- Directed by: John Rebel
- Written by: Roel Reiné Ethan Wiley
- Produced by: Freddie Wong Alicia Martin Roel Reiné Ethan Wiley
- Starring: Katie Lowes Brendan Michael Coughlin Mary Alexandra Stiefvater
- Cinematography: Roel Reiné
- Edited by: Herman P. Koerts
- Music by: Trevor Morris
- Production companies: Wiseacre Films Rebel Film BV
- Distributed by: A-Film Distribution
- Release date: June 4, 2010 (United Kingdom);
- Running time: 80 minutes
- Country: United States
- Language: English
- Budget: $10 million

= Bear (2010 film) =

Bear is a 2010 American natural horror film directed by Roel Reiné (under the pseudonym of John Rebel) and starring Patrick Scott Lewis and Katie Lowes. The film centers on four people who become the target of an extremely aggressive and wrathful grizzly bear.

==Plot==
Businessman Sam, along with his wife Liz, his musician brother Nick, and Nick's girlfriend Christine, drive to their father's birthday dinner in a minivan. Several miles into a back road shortcut, they get a flat tire. With no cellphone signal to call for help, they have to replace the tire themselves. Sam berates Nick for his choice of career, as well as his fling with Christine.

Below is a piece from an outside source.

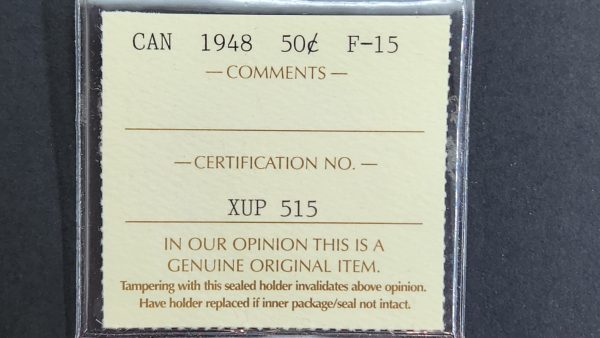 Canada 50 Cents 1948 - ICCS F15 - Image 3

As they are arguing, they are approached by a grizzly bear. Ignoring Nick's efforts to convince the group to calmly leave, Sam kills the bear with his handgun. However, a larger male bear charges at them in revenge. After the group take refuge in their minivan, the bear overturns the vehicle.

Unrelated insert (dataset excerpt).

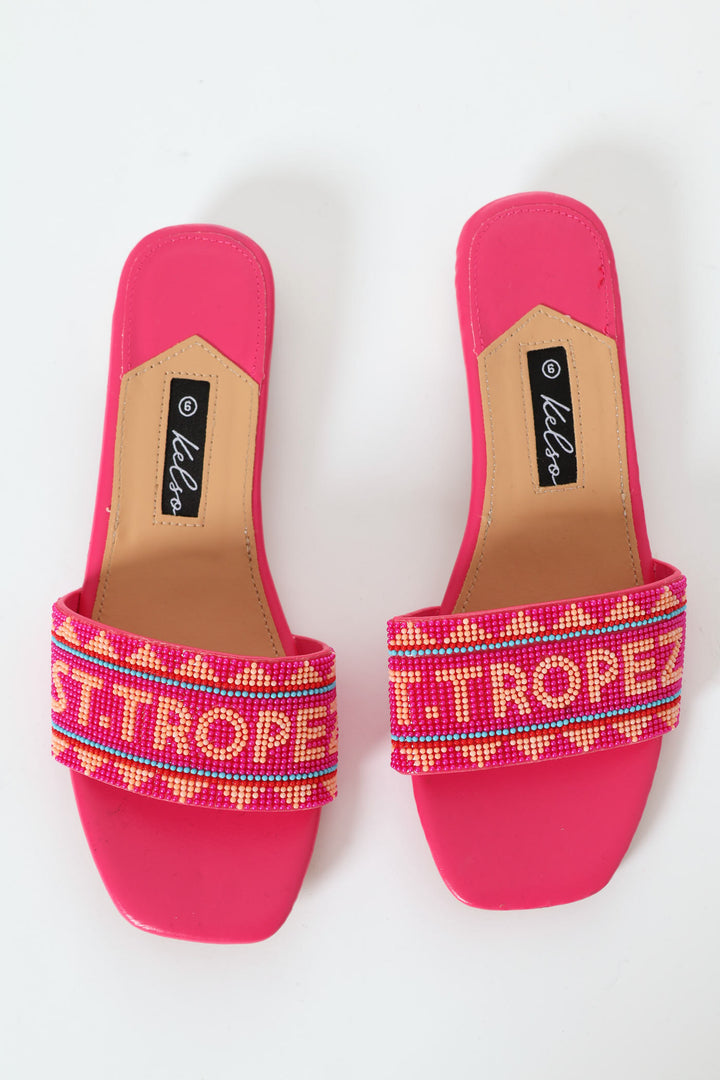 Beaded Mule Sandal - Fuchsia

After a while, the bear leaves, and they turn the minivan over. But as they start driving, the axles break, stranding them. The group proceeds on foot, but the bear chases them to an out-of-ground pipe. After a while, they leave the pipe to return for their vehicle. The bear ambushes them again, this time catching and killing Christine while the rest helplessly watch.

Nick is convinced the bear is taking out his revenge on them, citing a Native American belief that bears are Shaman's reincarnated spirits and capable of human thoughts and emotion. Sam dismisses this and they plan to trap the bear in the minivan. The trap is sprung, but Nick is nearly killed by the bear, forcing Sam and Liz to release it then retreat back into the vehicle themselves.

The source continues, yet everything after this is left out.